Records for processing:

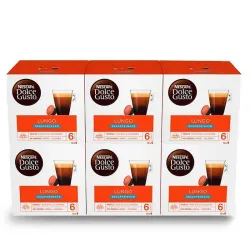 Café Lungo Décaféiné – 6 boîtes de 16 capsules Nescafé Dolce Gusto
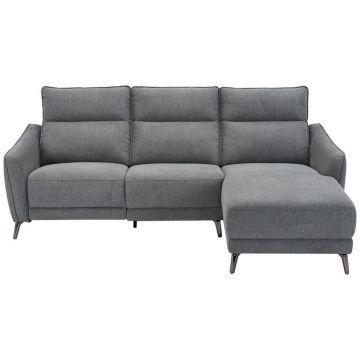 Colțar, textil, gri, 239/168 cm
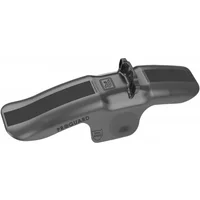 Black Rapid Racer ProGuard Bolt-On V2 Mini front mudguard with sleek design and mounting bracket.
---
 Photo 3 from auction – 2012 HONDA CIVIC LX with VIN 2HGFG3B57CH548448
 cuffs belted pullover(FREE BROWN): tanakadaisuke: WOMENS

Problem details: Extract from the material above the stretch running from the line containing "Café Lungo Décaféiné" through the line containing "Black Rapid Racer". Keep the text exact and the pictures out.

Result below:
 Café Lungo Décaféiné – 6 boîtes de 16 capsules Nescafé Dolce Gusto
 Colțar, textil, gri, 239/168 cm
 Black Rapid Racer ProGuard Bolt-On V2 Mini front mudguard with sleek design and mounting bracket.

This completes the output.